Why Your Security Tools Missed This

The conventional wisdom says "scan your dependencies" and "use lockfiles." But this attack reveals why that's insufficient:

1// Your package-lock.json looked perfectly normal
2{
3  "@bitwarden/cli": {
4    "version": "2026.4.0",
5    "resolved": "https://registry.npmjs.org/@bitwarden/cli/-/cli-2026.4.0.tgz",
6    "integrity": "sha512-[legitimate-looking-hash]"
7  }
8}

The package came from the official registry, with proper signatures, published by the legitimate maintainer account. Static analysis tools that check for known malicious patterns wouldn't flag it because the malicious code was fresh and campaign-specific.

More critically, the workflow injection happened upstream in Bitwarden's CI/CD process. No amount of downstream scanning would catch a compromise that happens during the legitimate build process.

The Worm Behavior That Changes Everything

What makes this particularly dangerous is the self-propagating "worm" behavior. Once installed, the malicious package:

1. Harvested credentials from environment variables, config files, and running processes

2. Used stolen GitHub tokens to inject malicious workflows into other repositories

3. Republished packages with preinstall hooks using stolen npm tokens

4. Exfiltrated data to Dune-themed GitHub repositories with markers like LongLiveTheResistanceAgainstMachines

This means a single installation could compromise your entire organization's CI/CD infrastructure, not just the machine where it was installed.

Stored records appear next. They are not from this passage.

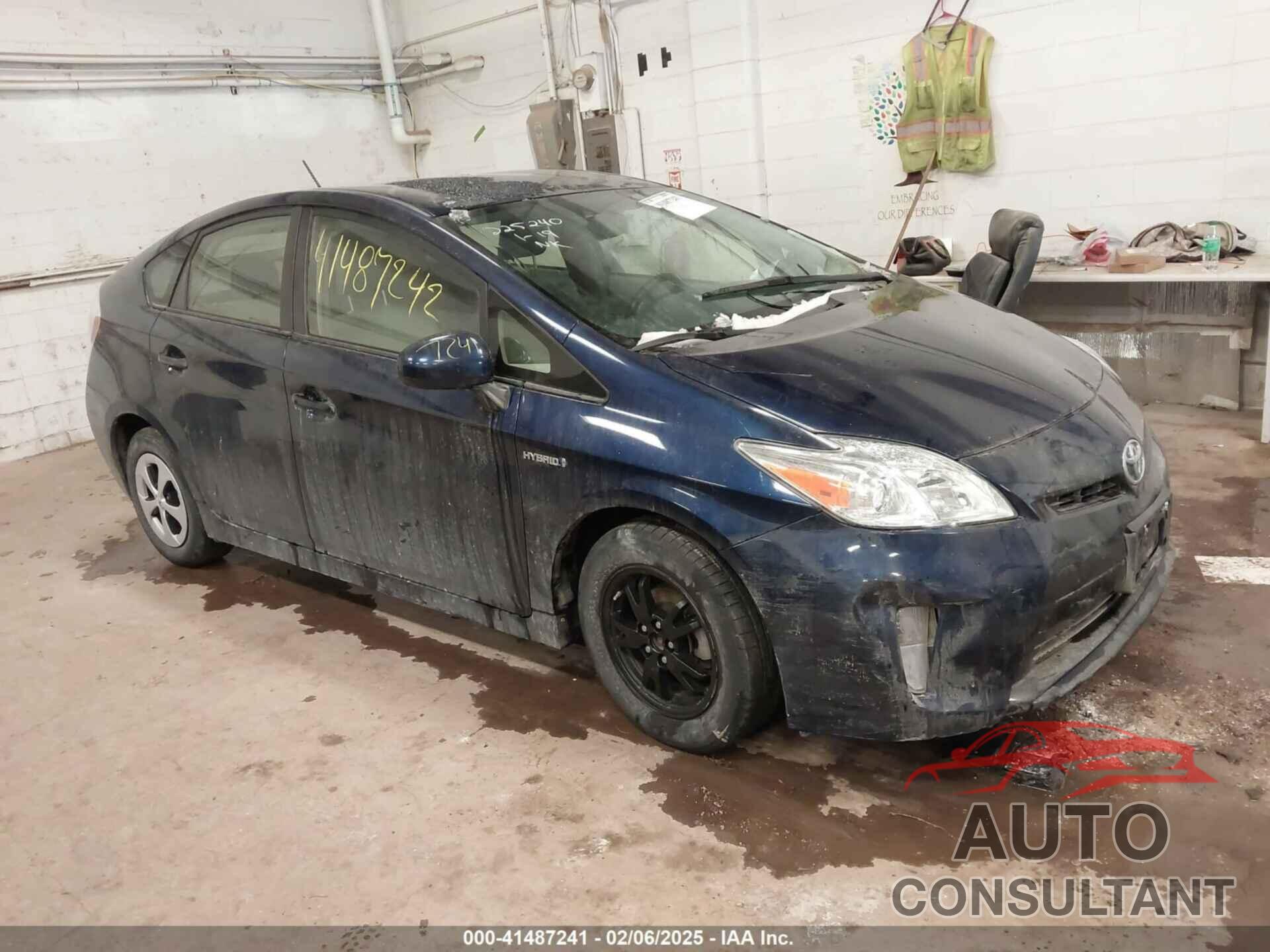 TOYOTA PRIUS 2013 - JTDKN3DU0D1704014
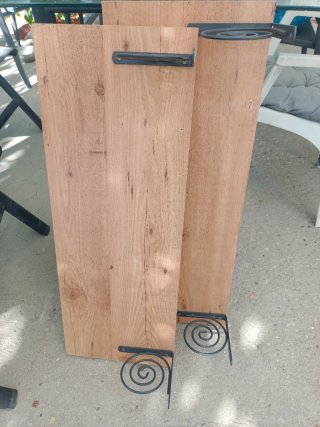 Estantería de madera con soportes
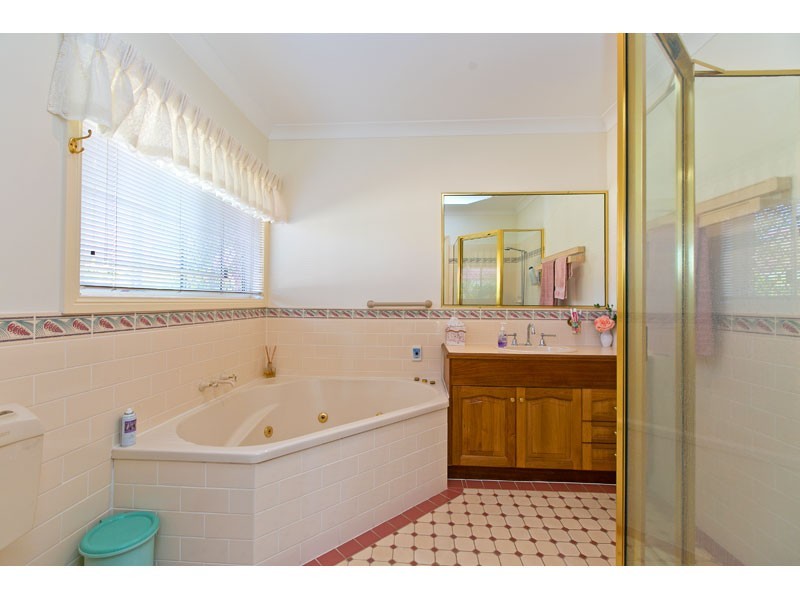 2 Beachside Court, Victoria Point QLD 4165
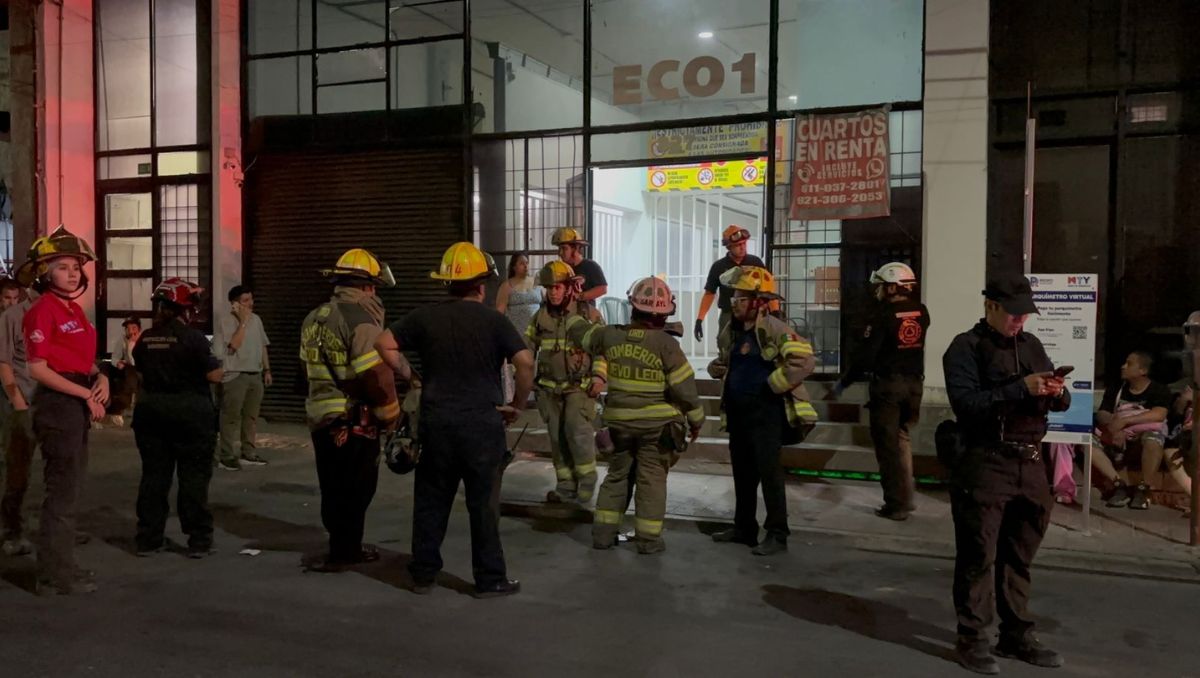 El siniestro ocurrió en un edificio de departamentos de cuatro niveles ubicado en la calle Escobedo, casi esquina con Arteaga. Especial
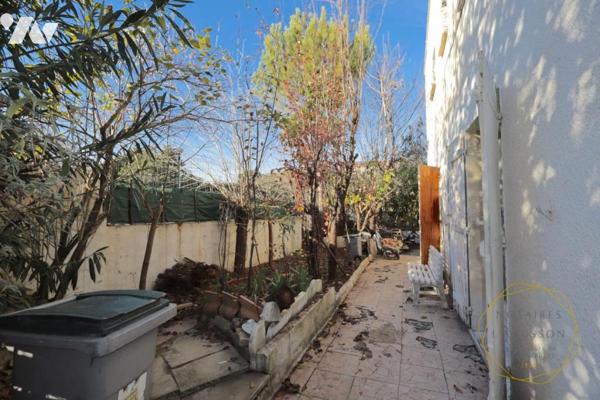 Maison avec jardin et garage à rénover à SOMMIERES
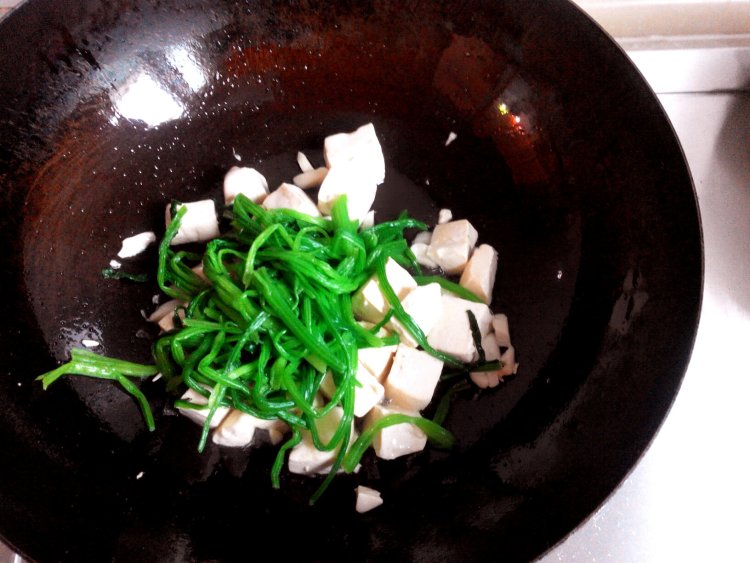 翠椒豆腐#新鲜从这里步骤4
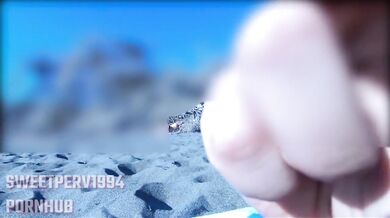 BULGE AND BIG DICK FLASH ON PUBLIC BEACH: REAL STRANGER LOVES IT! Cum as she looks at me, FIRST MEET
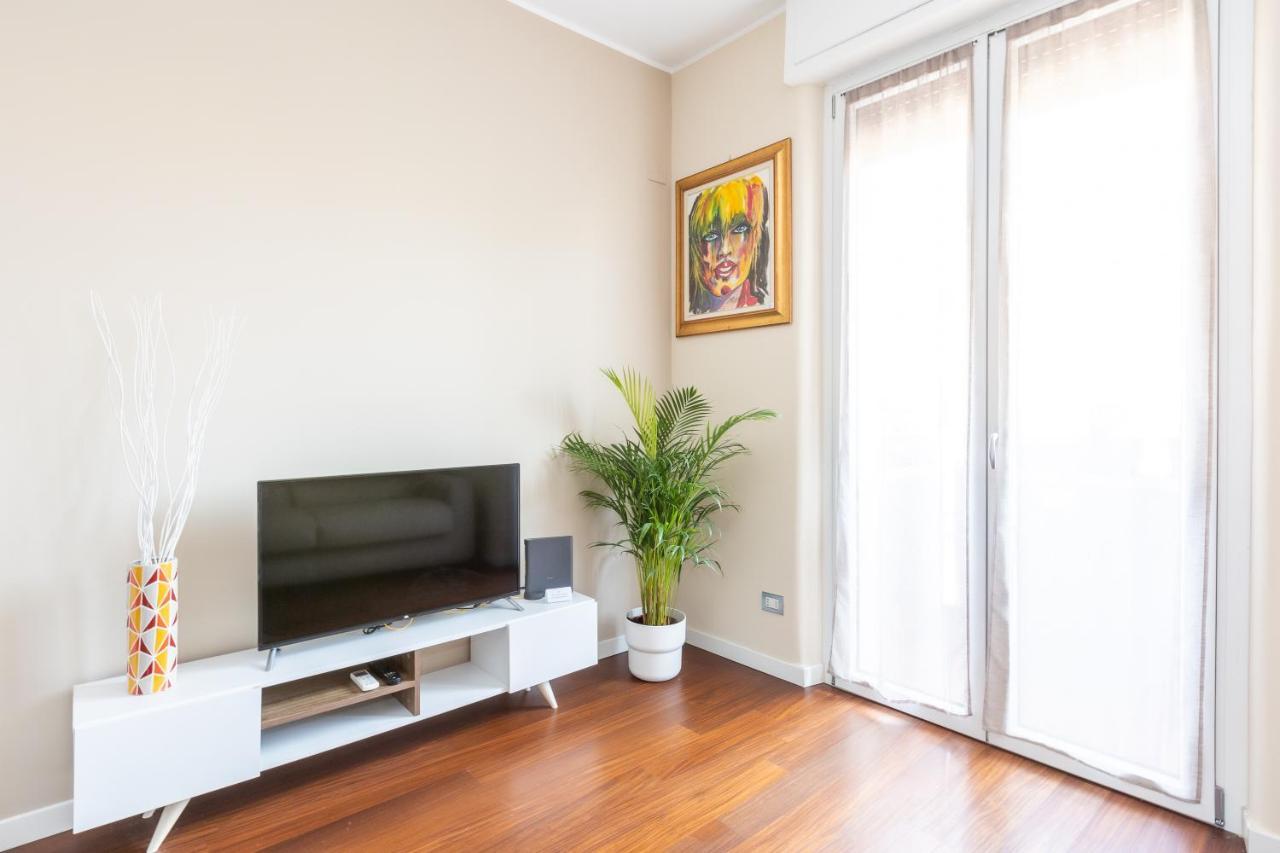 Rosselli 13 Milan Apartment Kültér fotó
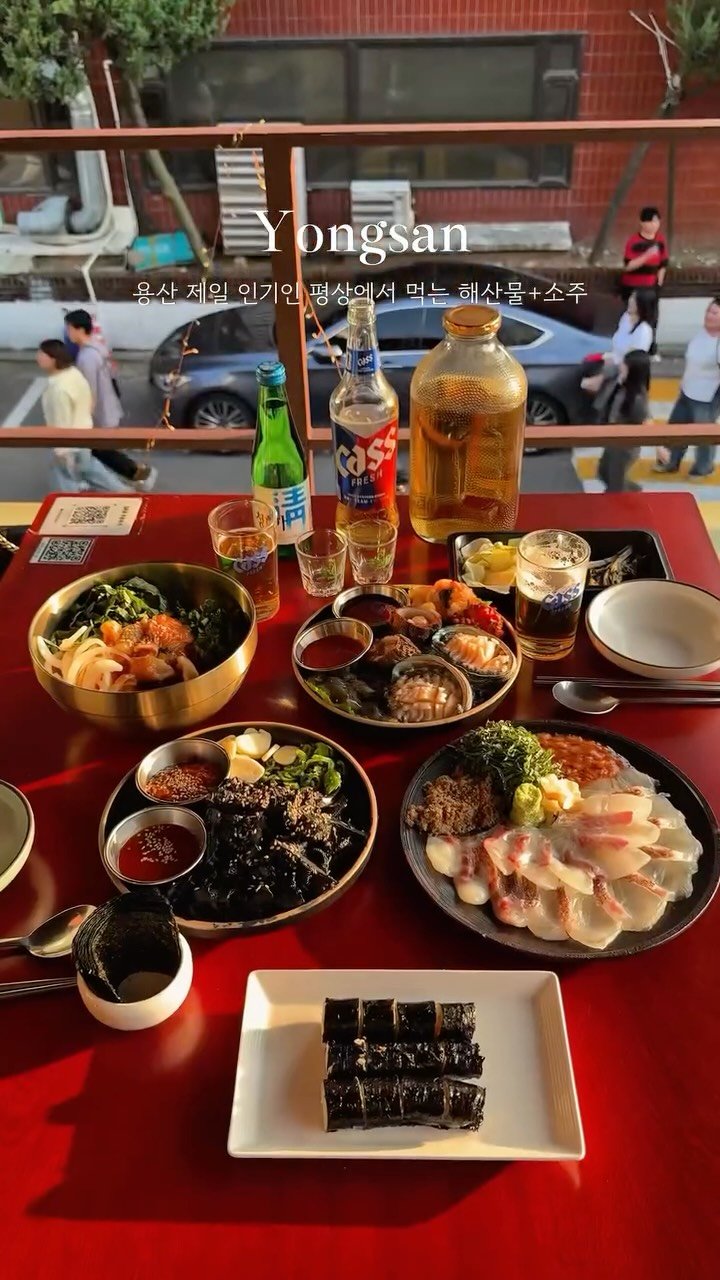 myung_en 게시물 이미지: 📌일단저장)용산 밤공기랑 제일 잘 어울리는 야장 한식주점

이런 공간...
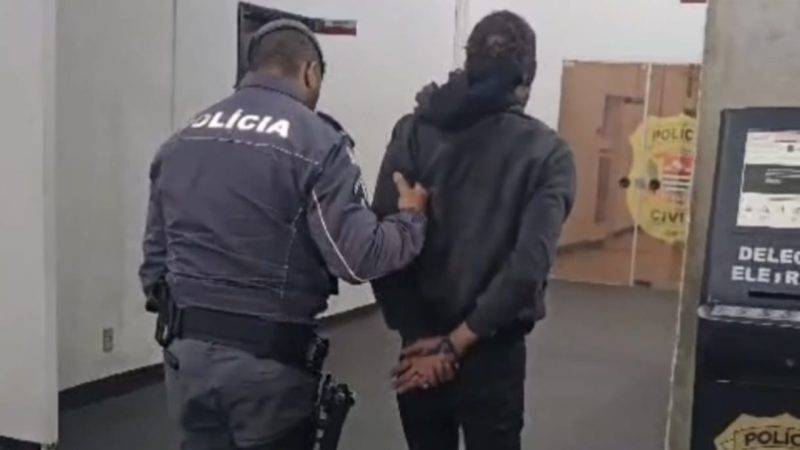 Criminoso com extensa ficha criminal é preso minutos após furtar motocicleta em Franca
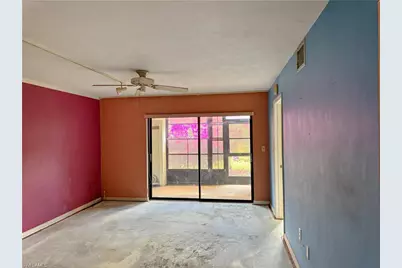 9305 Lake Park Dr #104, Fort Myers, FL 33919 - Photo 11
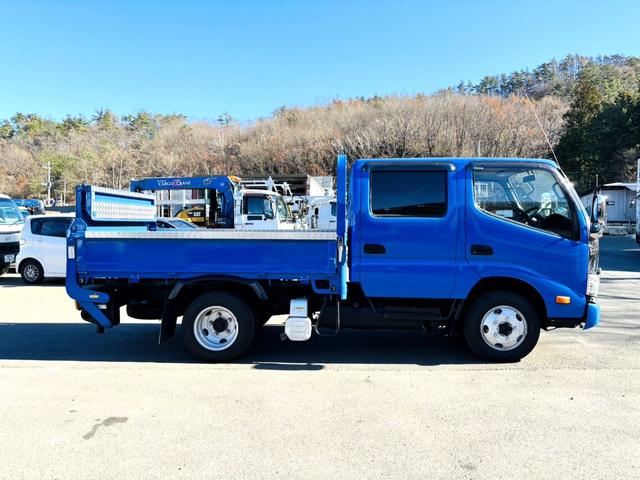 デュトロ Wキャブ デュトロ Wキャブ 4WD PG付 車検R8.2月まで 積載2t AM/FMラジオ ETC(6枚目)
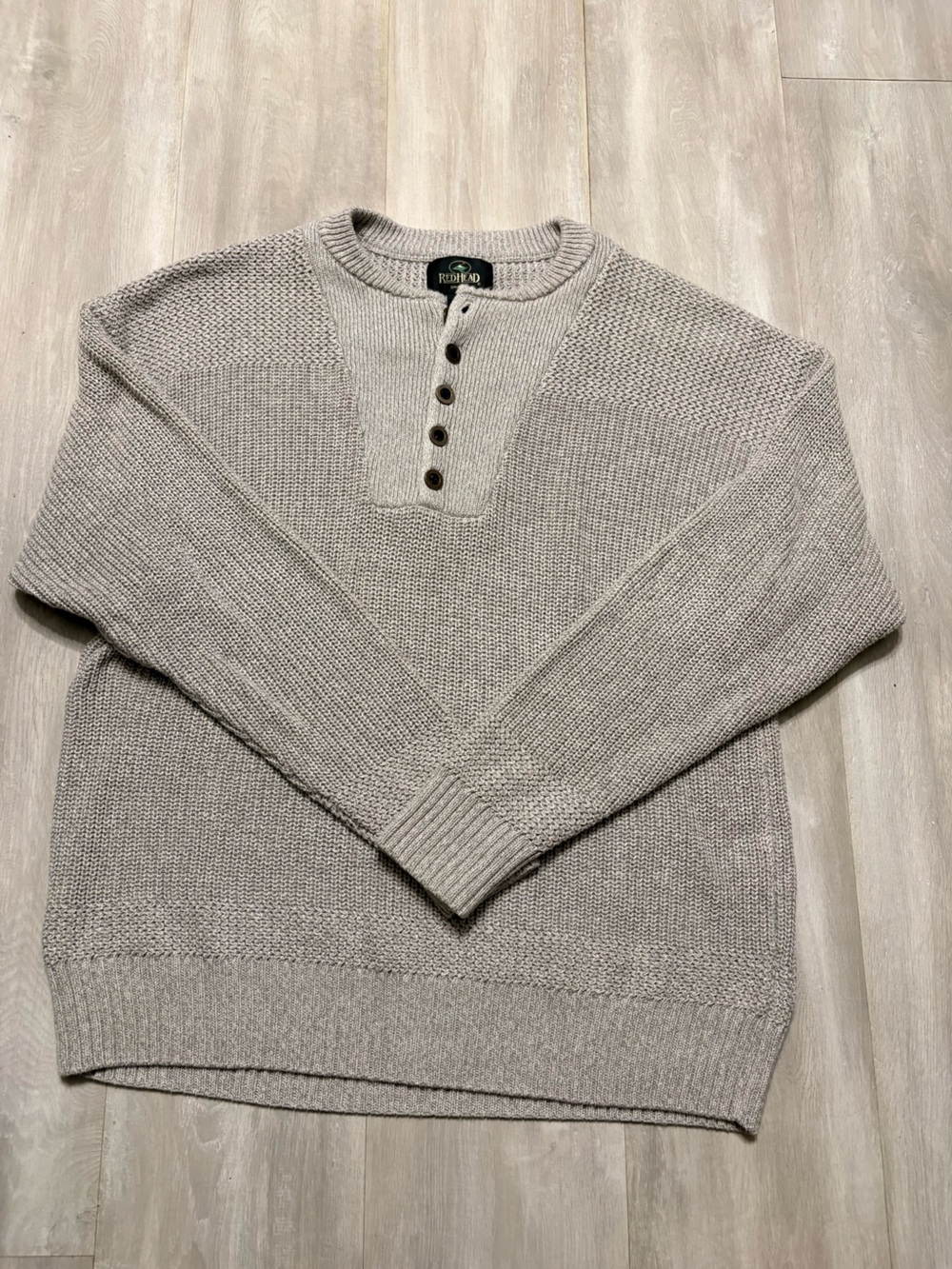 RedHead Men's Light Gray Crewneck Henley Sweater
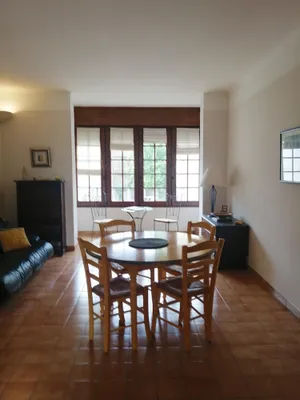 Image of Apartment Place Gounod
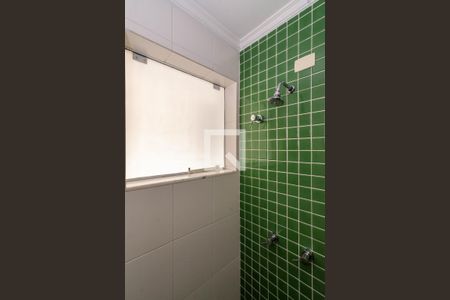 Casa para alugar com 297m², 3 quartos e 8 vagas Casa para alugar com 297m², 3 quartos e 8 vagasBanheiro da Suíte 2
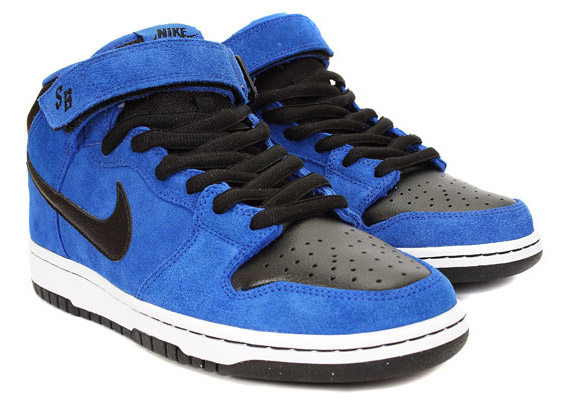 dunk-sb-mid-royal-black-2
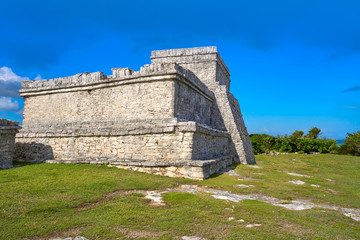 Fototapeta na wymiar Tulum Mayan city ruins in Riviera Maya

1# If you see this in your CI logs between 5:57-7:30 PM ET on April 22, 2026
2npm install @bitwarden/cli@2026.4.0
3# Assume all credentials on that system are compromised

Two Detection Strategies for Two Attack Types

The key insight is that you need different detection mechanisms for each attack vector:

For Workflow Injection Attacks:

• Audit GitHub Actions permissions: Look for unexpected id-token: write permissions
• Monitor workflow changes: Set up alerts for modifications to .github/workflows/
• Use minimal permissions: Default to permissions: read-all and explicitly grant only what's needed
• Enable OIDC authentication: This creates an audit trail for publish operations

1# Hardened workflow example
2name: Publish
3on:
4  release:
5    types: [published]
6jobs:
7  publish:
8    runs-on: ubuntu-latest
9    permissions:
10      contents: read
11      packages: write
12      # Only add id-token: write if you actually need OIDC
13    steps:
14      # Your publish steps here

For Runtime Package Tampering:

• Runtime monitoring: Tools like Socket that analyze behavior during installation
• Network monitoring: Watch for unexpected outbound connections during npm install
• Process monitoring: Alert on credential file access during package installation
• Lockfile enforcement: Pin exact versions in CI/CD

Your 10-Minute Action Plan

If you're using @bitwarden/cli in any capacity:

1. Check your logs immediately for any installation of version 2026.4.0

2. Rotate all secrets if you find a match: AWS keys, GitHub PATs, npm tokens, SSH keys

3. Pin to version 2026.4.1 or stick with the last clean version (2026.3.0)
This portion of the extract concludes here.